The answer should reproduce every entry exactly and contain no images.

▶ [Data supplied]
-*-*-

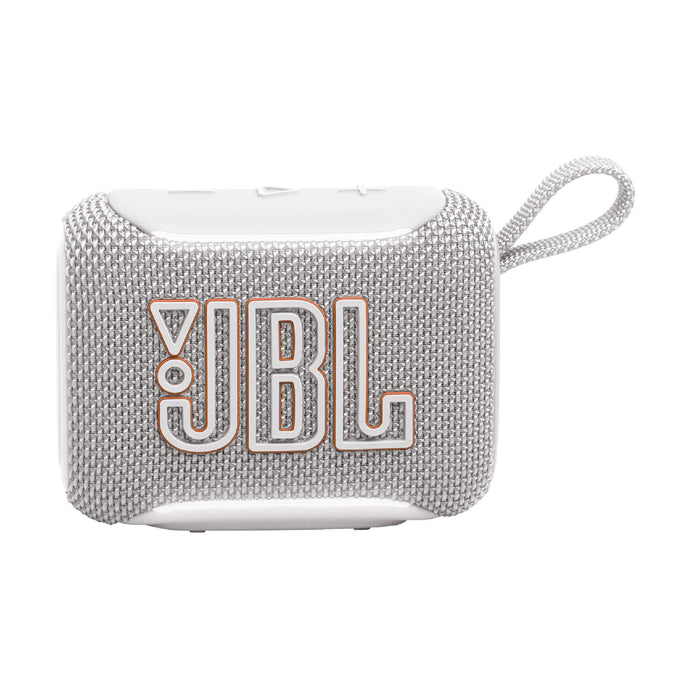 JBL GO 5 | Mini Portable Speaker - Bluetooth - White - Sonxplus St-Georges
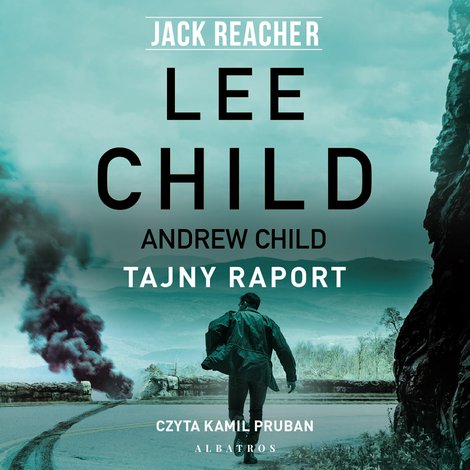 audiobooki: Tajny raport – audiobook
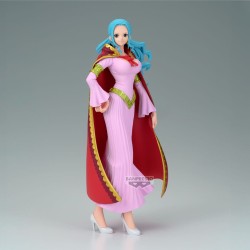 ONE PIECE - Nefeltari Vivi Special DXF The Grandline Series Banpresto PVC Figure 19 cm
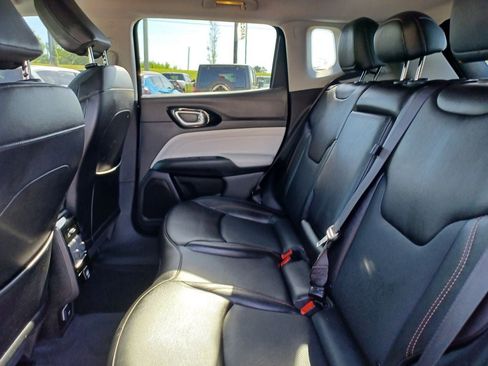 Used 2022 Jeep Compass Limited AWD/4WD image 27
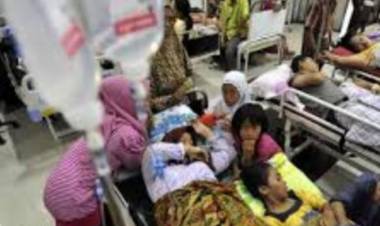 Jumlah Korban Keracunan Nasi Kota di Nganjuk Bertambah 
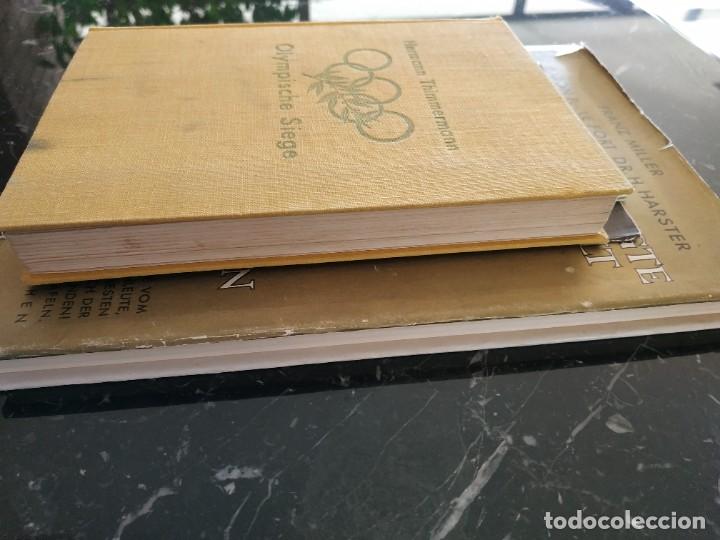 Militaria: Lote olimpiadas 1936 - Foto 7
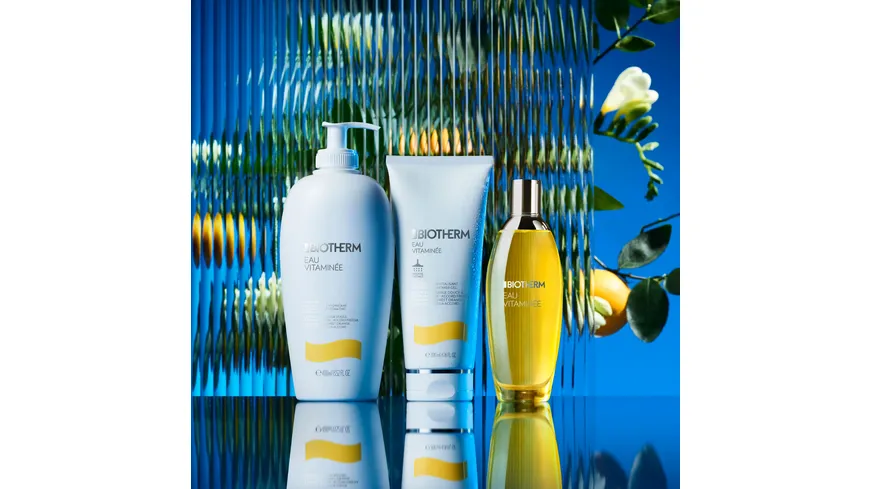 BIOTHERM Eau Vitaminee Body Milk 400 ml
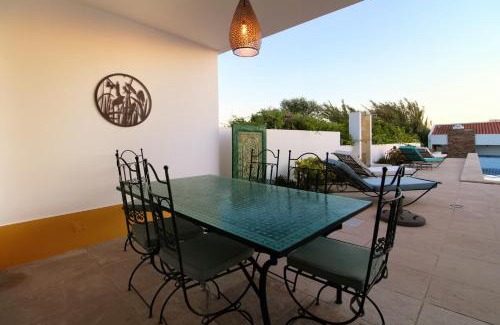Vila Nova de Milfontes Villa | Fonte dos Pássaros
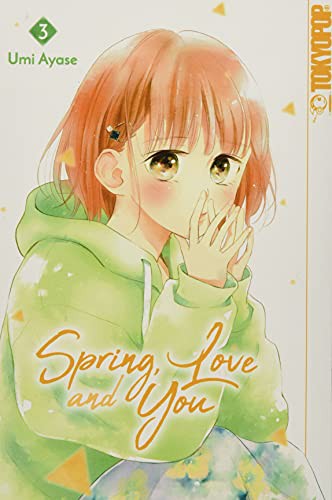 Cover for Spring, Love and You 03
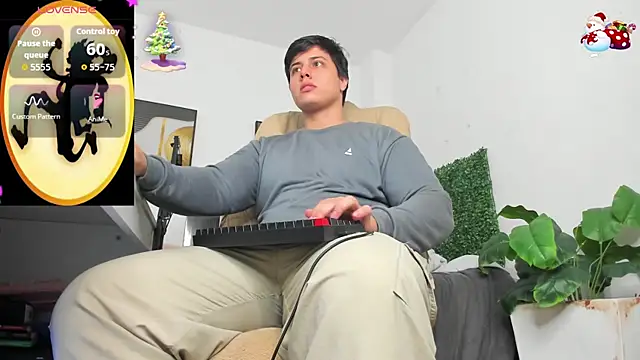 Thom Ohtani online show from November 25, 1:28 am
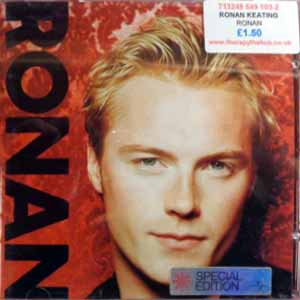 RONAN KEATING / RONAN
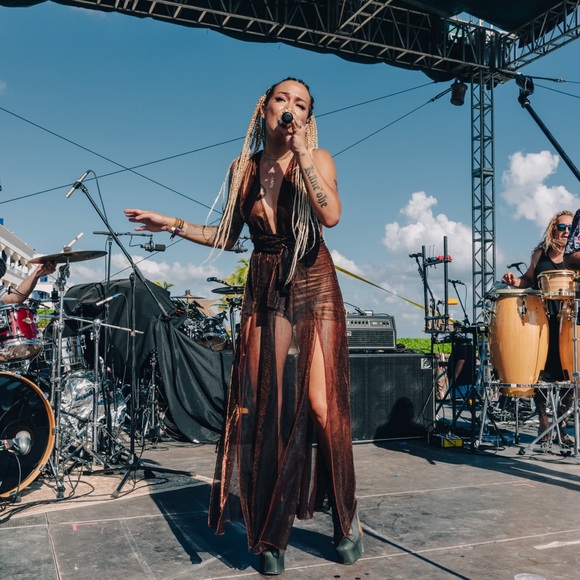 ella bella Pants - ELLA BELLA X HIRIE STAGE DRESS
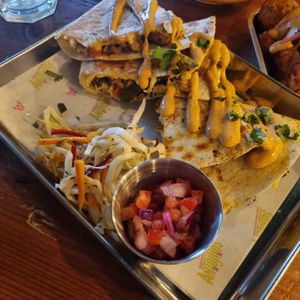  at Antojitos in Glasgow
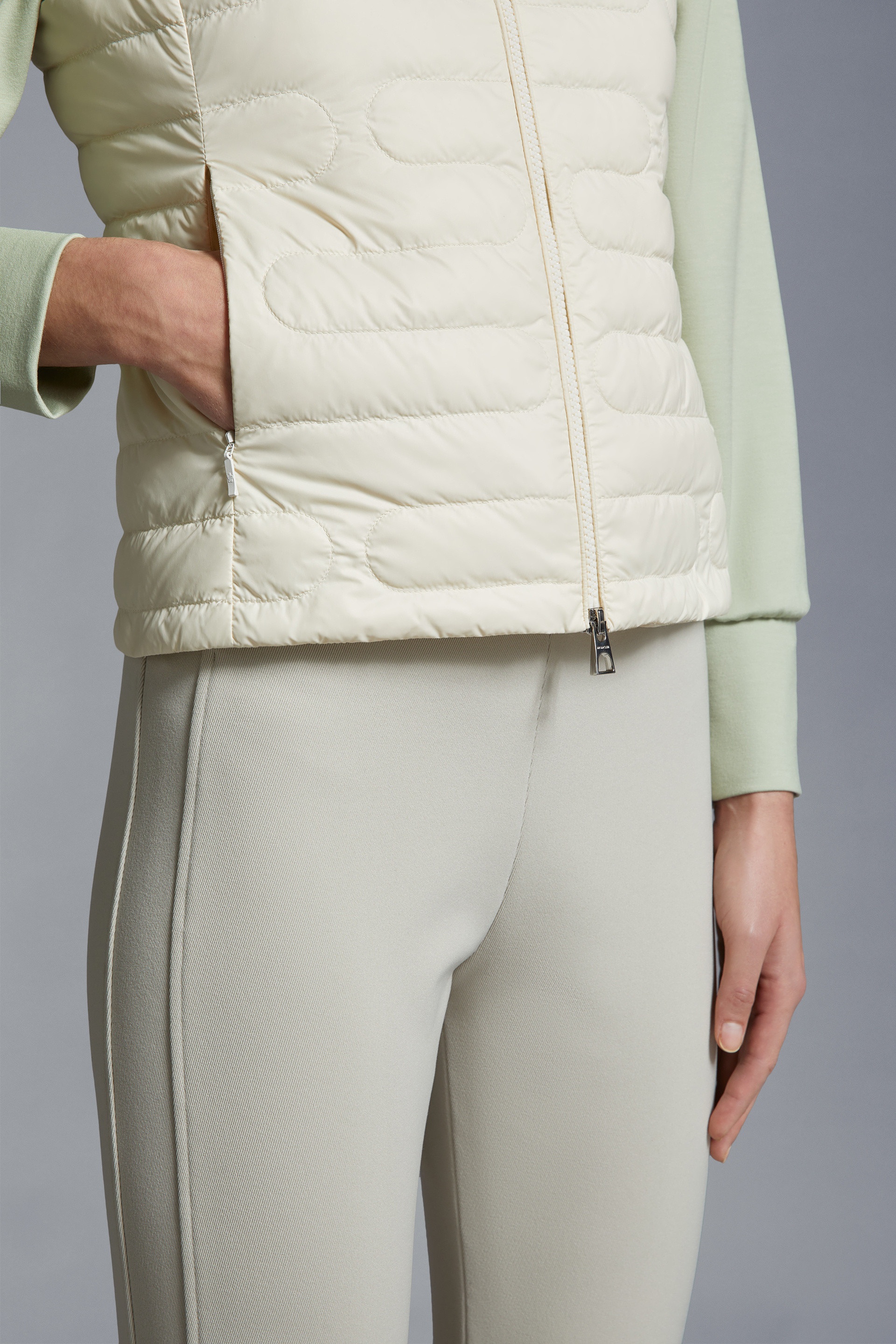 Perille Down Vest - 6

-*-*-

▶ [Solution to this task]
 JBL GO 5 | Mini Portable Speaker - Bluetooth - White - Sonxplus St-Georges
 audiobooki: Tajny raport – audiobook
 ONE PIECE - Nefeltari Vivi Special DXF The Grandline Series Banpresto PVC Figure 19 cm
 Used 2022 Jeep Compass Limited AWD/4WD image 27
 Jumlah Korban Keracunan Nasi Kota di Nganjuk Bertambah 
 Militaria: Lote olimpiadas 1936 - Foto 7
 BIOTHERM Eau Vitaminee Body Milk 400 ml
Vila Nova de Milfontes Villa | Fonte dos Pássaros
 Cover for Spring, Love and You 03
 Thom Ohtani online show from November 25, 1:28 am
 RONAN KEATING / RONAN
 ella bella Pants - ELLA BELLA X HIRIE STAGE DRESS
  at Antojitos in Glasgow
 Perille Down Vest - 6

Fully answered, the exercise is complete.